When you are planning your failover system, consider the following:

  • Ensure that you have superuser (User ID 0) or administrative privileges to perform the procedures to set up a failover system.

  • Failover Manager is supported for Linux and Windows platform versions listed in the VMware Smart Assurance Support Matrix for SAM, IP, ESM, MPLS, NPM, OTM, and VoIP Managers.

  • For Windows failover support, the Failover Manager and all components need to be installed and running on Windows. Cross-platform is not supported. For example, Failover Manager on Linux and Domain Managers on Windows is not supported.

  • Determine where to install the components of the VMware Smart Assurance Failover System.

    VMware Smart Assurance products installed in the Active location must have corresponding products installed in the Standby location, except for IP Configuration Manager. Since IP Configuration Manager is not supported for failover, only one instance is allowed.

    In this document, all instructions assume that Location A or Side A is the Active site and Location B or Side B is the Standby site. For example, instructions about domain configuration changes on the Active side, assume that the changes are made on the host defined as Site A.

    Each Active and Standby component that is a part of the VMware Smart Assurance Failover System can be installed on a separate host or multiple components can be installed on one host. At the very least, an Active component and its Standby component should operate from distinct installation areas. Ensure that your hosts have sufficient resources.

    • It is recommended that installation locations are the same in the Active and Standby sides. If that is not possible, set the StrictSitemod parameter to False in the BASEDIR/conf/failover/failover.conf file.

    • The mixing of hardware is not allowed. Failover support is available from one physical box to another physical box, or from one virtual machine to another virtual machine, only if they are running the same operating system.

    • Both, the Active and Standby components must be running the same version of VMware Smart Assurance software.

      Supported products for failover on page 13 provides a list of supported VMware Smart Assurance products. The VMware Smart Assurance Support Matrix for SAM, IP, ESM, MPLS, NPM, OTM, and VoIP Managers provides resource (hardware and memory) information.

  • Determine which ports to use for Active and Standby components.

    Service Assurance Manager, Adapter Platform, BIM, and all Domain Managers must be started on predefined ports. The ports are also specified in the ServerSection entries in the failover.conf file.

    For Linux, the sm_service install --port value for the Broker and the sm_service install --port value and the --sport value for the Trap Exploder must be changed to values greater than 1024. The Failover Manager uses a non-root user account when restarting these components, so privileged ports (below 1024) cannot be used. For Windows, this restriction is not applicable. Failover Manager on Windows cannot be configured with a non-administrator user account to perform failover actions.
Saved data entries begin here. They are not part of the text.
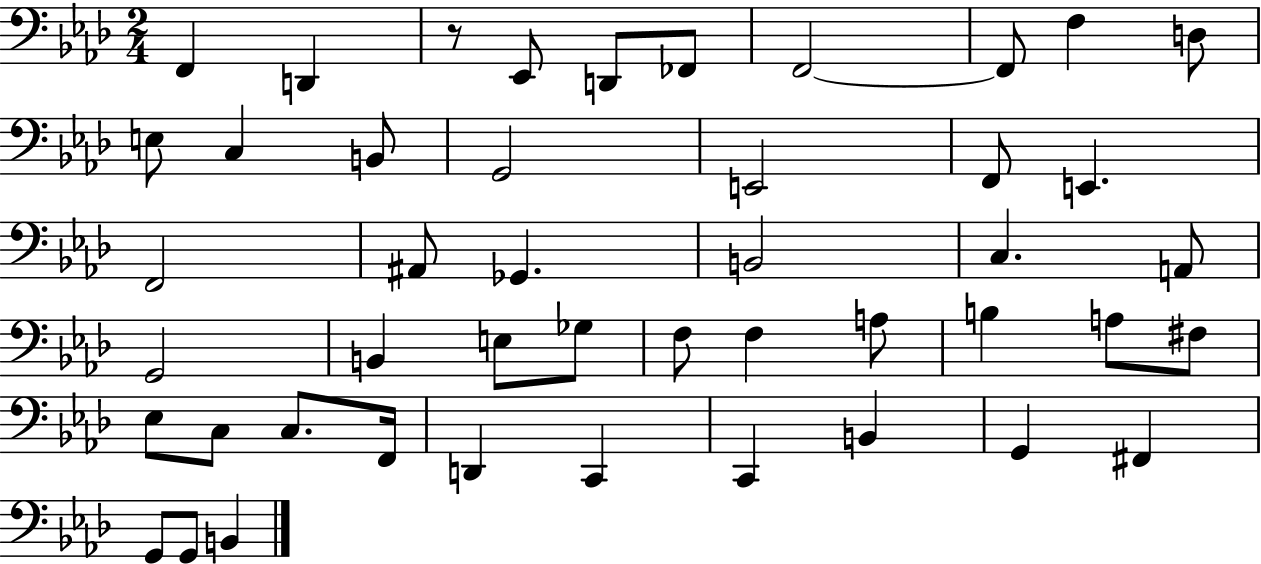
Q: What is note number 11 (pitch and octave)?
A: C3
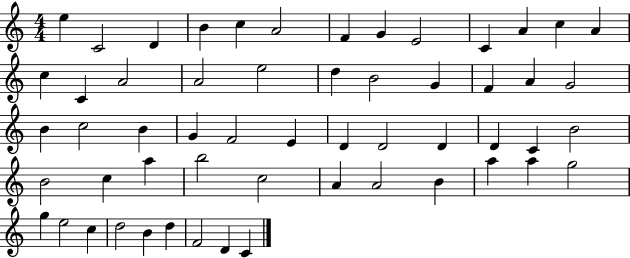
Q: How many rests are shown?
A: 0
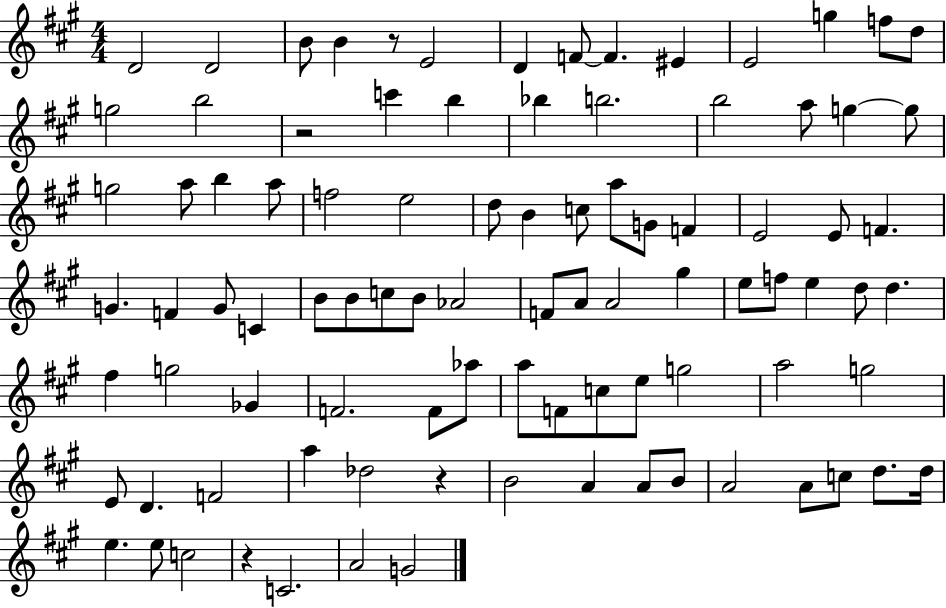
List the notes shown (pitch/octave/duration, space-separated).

D4/h D4/h B4/e B4/q R/e E4/h D4/q F4/e F4/q. EIS4/q E4/h G5/q F5/e D5/e G5/h B5/h R/h C6/q B5/q Bb5/q B5/h. B5/h A5/e G5/q G5/e G5/h A5/e B5/q A5/e F5/h E5/h D5/e B4/q C5/e A5/e G4/e F4/q E4/h E4/e F4/q. G4/q. F4/q G4/e C4/q B4/e B4/e C5/e B4/e Ab4/h F4/e A4/e A4/h G#5/q E5/e F5/e E5/q D5/e D5/q. F#5/q G5/h Gb4/q F4/h. F4/e Ab5/e A5/e F4/e C5/e E5/e G5/h A5/h G5/h E4/e D4/q. F4/h A5/q Db5/h R/q B4/h A4/q A4/e B4/e A4/h A4/e C5/e D5/e. D5/s E5/q. E5/e C5/h R/q C4/h. A4/h G4/h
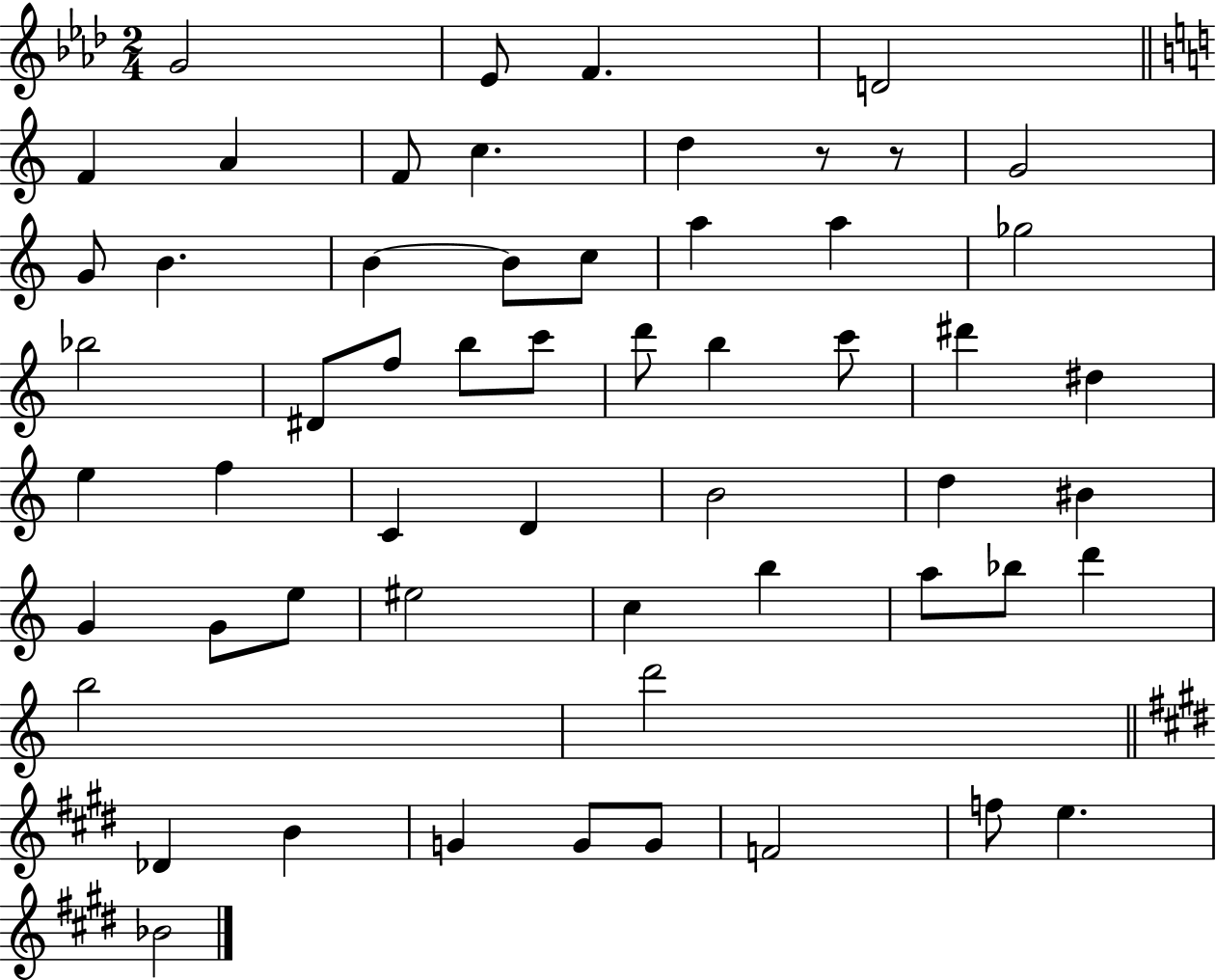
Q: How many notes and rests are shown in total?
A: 57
  • The Failover Manager software is included in any VMware Smart Assurance product installation. No additional installation task for Failover Manager is required. Later, for one of the deployment tasks, you issue a command to manually install the service for the Failover Manager and then start the service.

    When deciding on where to run the Failover Manager, consider the following scenario:

    • If the Failover Manager is running with Standby SAM from the host on Location B and the Active SAM on Location A fails, the failover occurs and Standby SAM on Location B is promoted to Active. Then, if the newly-promoted Active SAM host on Location B fails, the Failover Manager will fail with it. You lose the capability to failover.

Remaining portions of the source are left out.